Usta Gazeteci Emin Çölaşan, yeni kitabıyla okurlarının karşısına çıktı: Hay Aksi! Aldatıldık... Kitap, raflardaki yerini aldığı ilk günden itibaren yoğun ilgi gördü, satış rekorları kırdı. Kitabında güncelliğini yitirmeyen, her biri tarihe not düşer nitelikteki yazılarını “unutulmasınlar’ diye bir araya getiren Çölaşan ile Türkiye gündemini konuştuk. Son dönemde artan baskılara vurgu yapan Çölaşan, “Kendi kendimi sansürlemek zorunda kalıyorum” diyerek ülkenin geldiği noktayı özetledi... İşte usta gazeteci Emin Çölaşan’ın anlattıkları:

SATIŞ REKORU KIRDI

- Kitabınız “Hay Aksi! Aldatıldık” piyasaya çıktı. Öncelikle hayırlı olsun diyelim. Bu kaçıncı kitabınız oluyor?

21 oldu...

- Çeşitli kitaplarınızla Türkiye’deki satış rekorlarını altüst etmiş olan bir gazetecisiniz. Rekor hangisinde?

Rekor “Turgut Nereden Koşuyor” da. O kitap sonrasında Tekin Yayınevi’nden 275 bin kitabın parasını almıştım.
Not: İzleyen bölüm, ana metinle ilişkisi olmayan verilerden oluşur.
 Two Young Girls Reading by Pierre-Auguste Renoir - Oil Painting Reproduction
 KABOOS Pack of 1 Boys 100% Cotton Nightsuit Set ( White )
Evet, rekor budur ve sanırım ondan sonra hiçbir yazarın kitapları bu rakama ulaşmadı. Sonraki rekorumu Hürriyet’ten kovulunca yazdığım “Kovulduk Ey Halkım Unutma Bizi” kırdı. Şu anda 76. baskısı piyasada. Yaklaşık 160 bin sattı.

MUHALİF GAZETECİ OLMAK ZOR ZANAAT Usta gazeteci Emin Çölaşan, “Bu devirde muhalif gazeteci olmak zor zanaat... Doğrudan veya dolaylı olarak sesimiz kısılmak isteniyor” dedi. MUHALİF GAZETECİ OLMAK ZOR ZANAAT
Usta gazeteci Emin Çölaşan, “Bu devirde muhalif gazeteci olmak zor zanaat... Doğrudan veya dolaylı olarak sesimiz kısılmak isteniyor” dedi.


UNUTULMASIN DİYE

- Son kitabınız SÖZCÜ’de yayımlanmış olan yazılarınızdan oluşuyor...
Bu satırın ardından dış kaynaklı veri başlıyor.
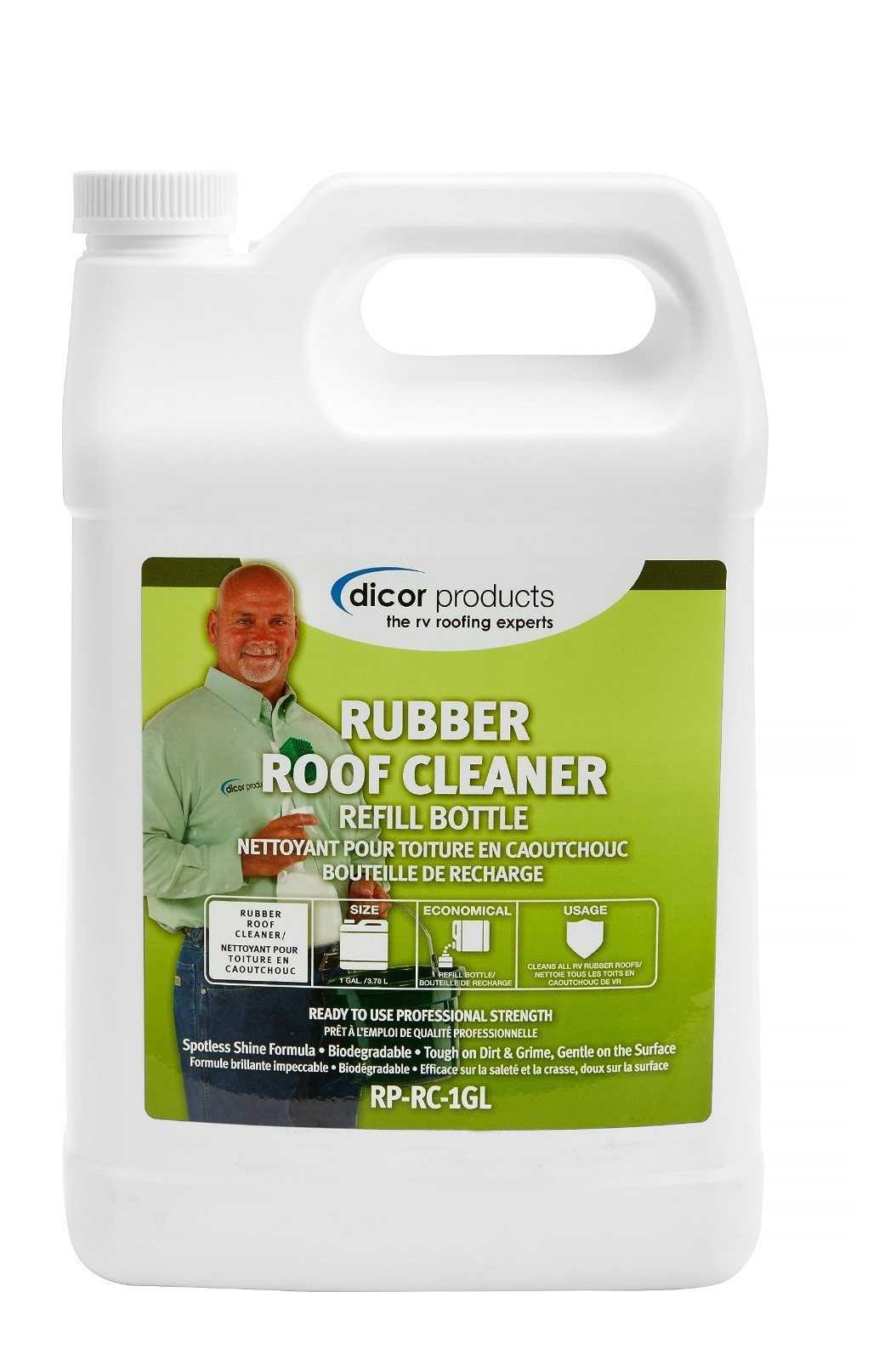 Deep Cleaning Rubber RV Roof Cleaner Spray Refill – 1 Gallon, White, Heavy Duty
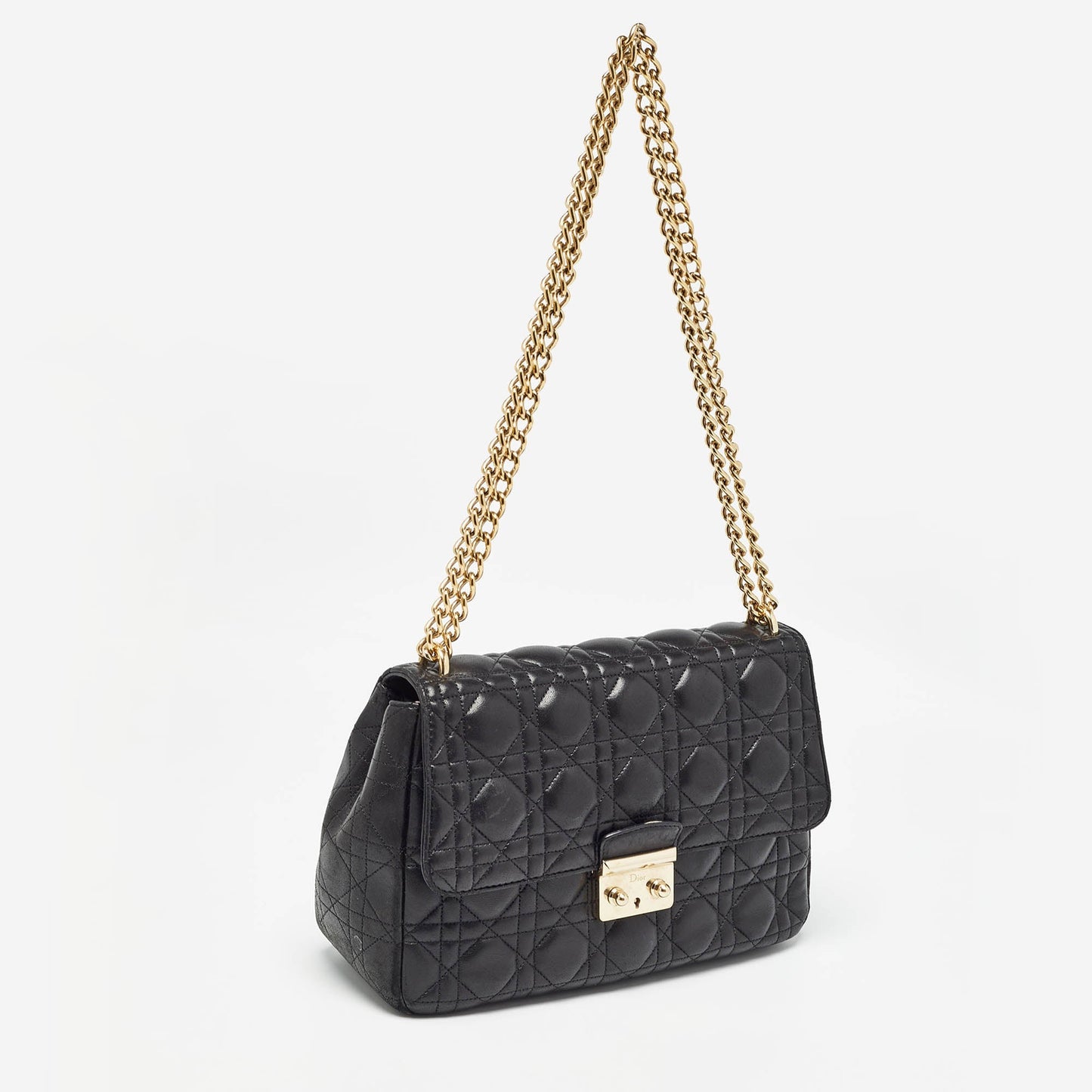 DIOR Black Cannage Leather Medium Miss  Flap Bag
Benim kesin bir inancım vardır ve doğrudur. Gazetede çıkan yazıların yüzde 90’ı ertesi gün, hatta bazıları okunduktan bir süre sonra unutulur. Üstelik gazeteler de bizim yazılarla birlikte ertesi gün çoğunlukla çöpe atılır. Yazıların unutulmamasını sağlayan tek şey, onları bir kitapta toplamaktır...
Zira kitap saklanır. Kitap çöpe atılmaz. Evde veya işyerinde durur, istendiği zaman okunur.

- Yazıları nasıl yazıyorsunuz, bazen zorlandığınız oluyor mu?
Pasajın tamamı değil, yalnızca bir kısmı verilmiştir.